EXERCISE BRIEF. Your answer is to be every line of the material that includes the string "Bulb".

START STORED DATA

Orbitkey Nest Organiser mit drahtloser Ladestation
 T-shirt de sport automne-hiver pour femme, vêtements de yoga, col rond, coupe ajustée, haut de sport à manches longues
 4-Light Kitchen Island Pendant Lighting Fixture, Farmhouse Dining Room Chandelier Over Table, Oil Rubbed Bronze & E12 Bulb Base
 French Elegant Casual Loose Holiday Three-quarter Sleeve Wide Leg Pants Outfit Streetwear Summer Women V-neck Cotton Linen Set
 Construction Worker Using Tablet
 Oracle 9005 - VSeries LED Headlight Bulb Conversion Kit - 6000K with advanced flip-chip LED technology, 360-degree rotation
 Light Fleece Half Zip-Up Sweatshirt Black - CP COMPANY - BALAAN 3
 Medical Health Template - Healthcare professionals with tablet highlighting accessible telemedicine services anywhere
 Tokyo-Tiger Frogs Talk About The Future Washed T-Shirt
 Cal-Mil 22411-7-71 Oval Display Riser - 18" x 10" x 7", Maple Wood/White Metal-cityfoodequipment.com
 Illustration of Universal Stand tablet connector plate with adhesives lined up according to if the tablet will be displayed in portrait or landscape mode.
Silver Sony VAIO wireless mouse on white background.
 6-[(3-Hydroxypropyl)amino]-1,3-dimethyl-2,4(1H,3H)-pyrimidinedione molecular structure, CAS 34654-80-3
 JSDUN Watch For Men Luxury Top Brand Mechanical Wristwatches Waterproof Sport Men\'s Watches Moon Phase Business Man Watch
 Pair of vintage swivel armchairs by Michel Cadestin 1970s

END STORED DATA

RESULT FOR THIS TASK.
 4-Light Kitchen Island Pendant Lighting Fixture, Farmhouse Dining Room Chandelier Over Table, Oil Rubbed Bronze & E12 Bulb Base
 Oracle 9005 - VSeries LED Headlight Bulb Conversion Kit - 6000K with advanced flip-chip LED technology, 360-degree rotation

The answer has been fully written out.